Radio Oberösterreich: Überall ist was anderes sympathisch?

Martin: Man braucht als Fremder vielleicht ein paar Begegnungen, bis man sich darauf einstellt.

Radio Oberösterreich: Schauen wir uns den Menschen hinter dieser Hoamatroas an. Martin Moser, Sie haben in Wels an der FH Öko-Energietechnik studiert und dann auch tatsächlich in diesem Bereich gearbeitet. Dann hat es Sie gleich in Richtung Bücher verschlagen.

Martin: Der Öko-Energietechnik-Bereich interessiert mich noch immer sehr, aber das Sitzen im Büro war nicht meine Lieblingsaufgabe. Bin dann über Umwege in einer Buchhandlung, in welcher ich Wanderkarten bestellen wollte, auf eine Jobbeschreibung gekommen und auf einmal war ich Buchhändler. Das ist schon einige Jahre her und mittlerweile habe ich das Schreiben von Büchern und Gegenden erkunden zu einem Beruf gemacht.

Radio Oberösterreich: Auch mit einer Internet-Seite www.gehlebt.at. Man merkt schon, das Gehen hat es Ihnen angetan. Was finden Sie daran?

Martin: Das Gehen hat mir erst vor wenigen Jahren so richtig Spaß gemacht. Es war einer Krebserkrankung meiner Mutter geschuldet, an der sie auch verstorben ist. Blöd gesagt, aber „dank“ dieser Erkrankung habe ich den Fokus auf das Leben anders gesetzt. Das Gehen war für mich dabei sehr hilfreich, vor allem für den Kopf: Gedanken sortieren, aufräumen im wahrsten Sinn, wie einen Dachboden ausmisten.

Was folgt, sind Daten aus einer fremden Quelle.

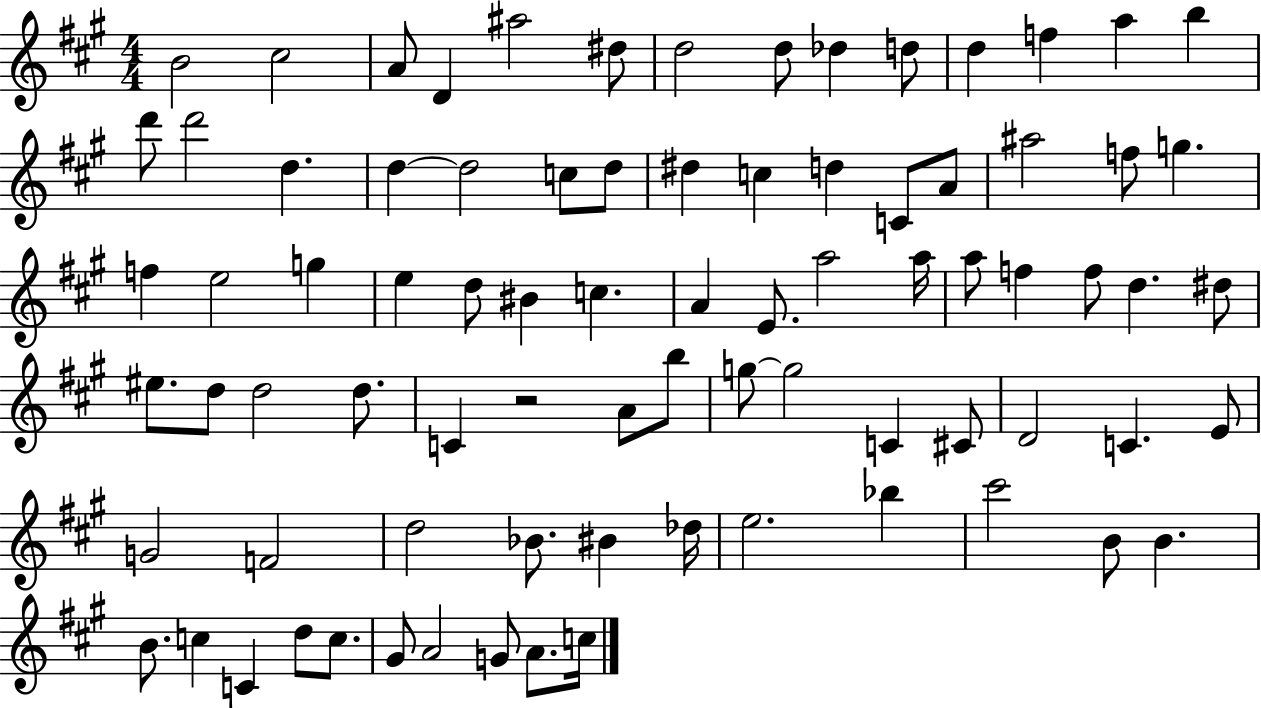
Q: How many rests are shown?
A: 1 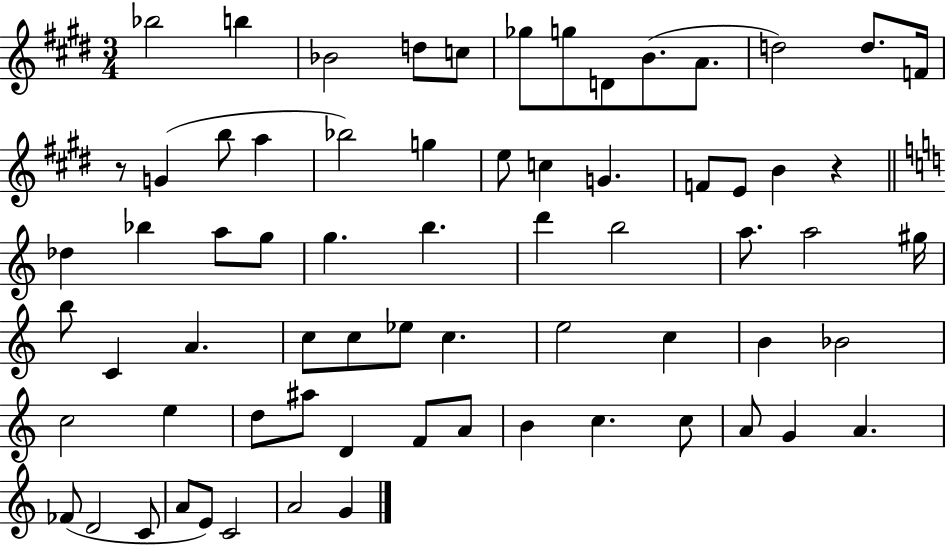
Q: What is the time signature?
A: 3/4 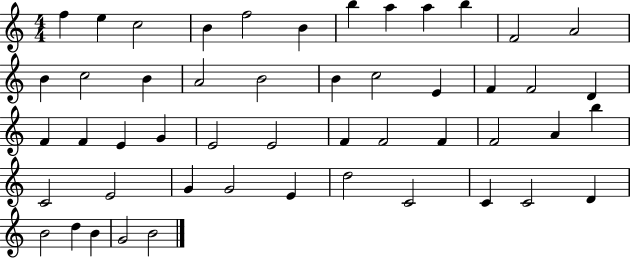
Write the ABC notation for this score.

X:1
T:Untitled
M:4/4
L:1/4
K:C
f e c2 B f2 B b a a b F2 A2 B c2 B A2 B2 B c2 E F F2 D F F E G E2 E2 F F2 F F2 A b C2 E2 G G2 E d2 C2 C C2 D B2 d B G2 B2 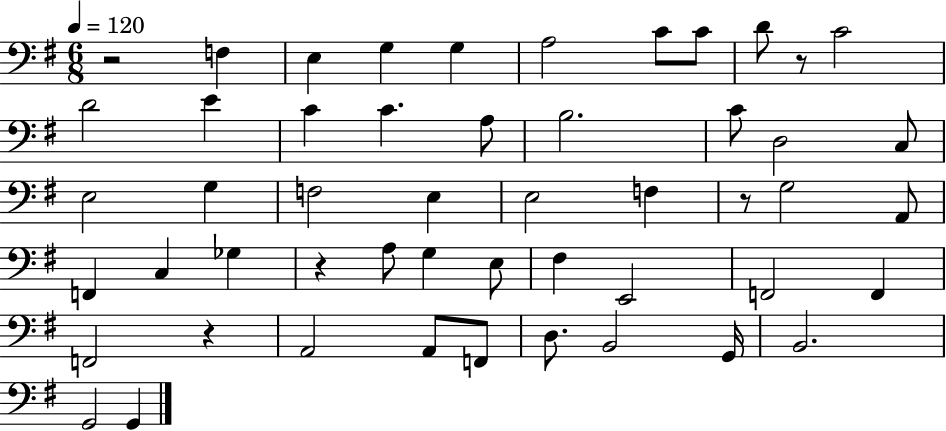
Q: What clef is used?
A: bass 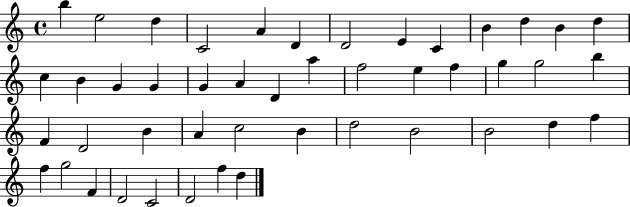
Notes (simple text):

B5/q E5/h D5/q C4/h A4/q D4/q D4/h E4/q C4/q B4/q D5/q B4/q D5/q C5/q B4/q G4/q G4/q G4/q A4/q D4/q A5/q F5/h E5/q F5/q G5/q G5/h B5/q F4/q D4/h B4/q A4/q C5/h B4/q D5/h B4/h B4/h D5/q F5/q F5/q G5/h F4/q D4/h C4/h D4/h F5/q D5/q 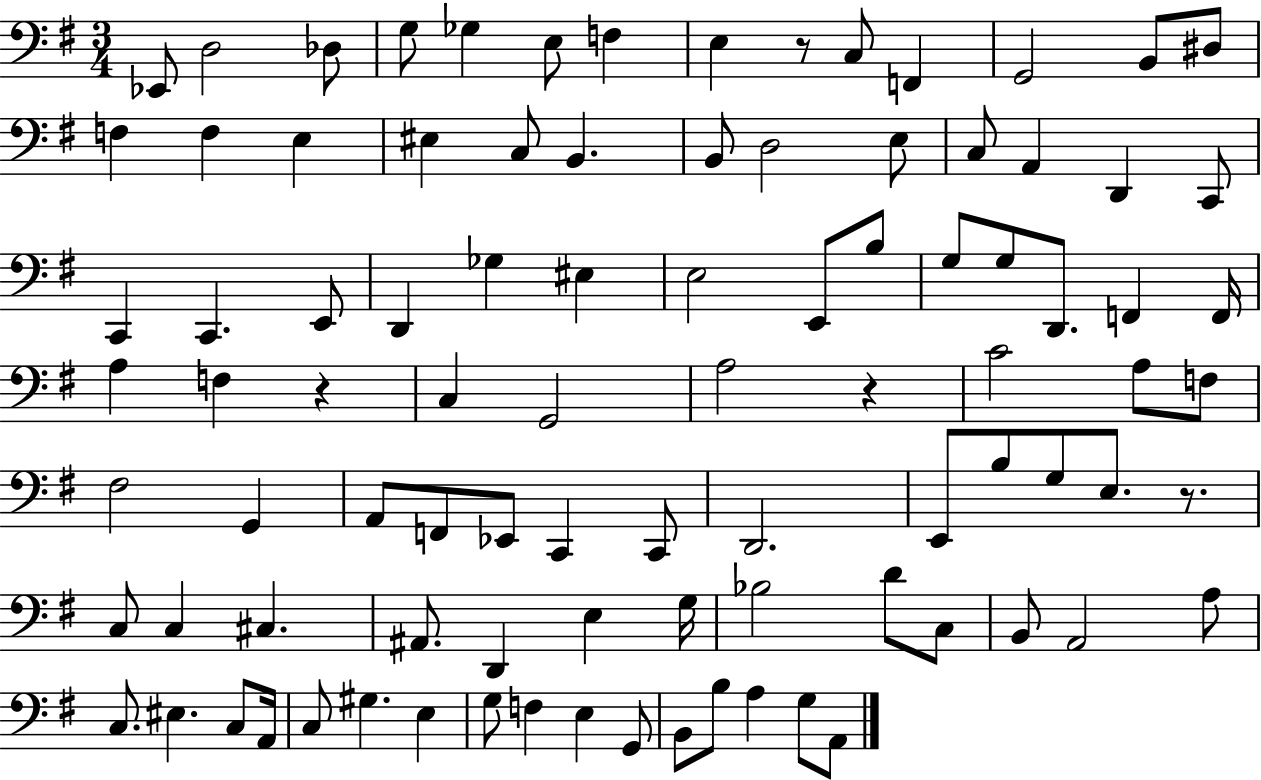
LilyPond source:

Radio Oberösterreich: Sie sind auch Naturschutzreferent der Alpenverein-Sektion Weitwandern. Was wäre denn eine Woche ohne Natur für Sie?

Martin: Furchtbar (lacht). Nein, also es gibt solche Wochen auch. Ich bin selbstständig und bin natürlich oft an den Schreibtisch gefesselt, aber das hat immer ein Ablaufdatum. Ich kann es mir selber einteilen und genieße es immer sehr, in die Natur zurückzukehren, vor allem auch zu meinem Elternhaus, das ja mitten in der Natur steht.

Radio Oberösterreich: Ganz kurzes Fazit nach der Arbeit an diesem Buch Hoamatroas – Zu Fuß durch Oberösterreich: Wie sind wir denn, wir Oberösterreichinnen und Oberösterreicher, wie ist unser Bundesland?

Martin: Vielfältig, liebenswürdig und überraschend.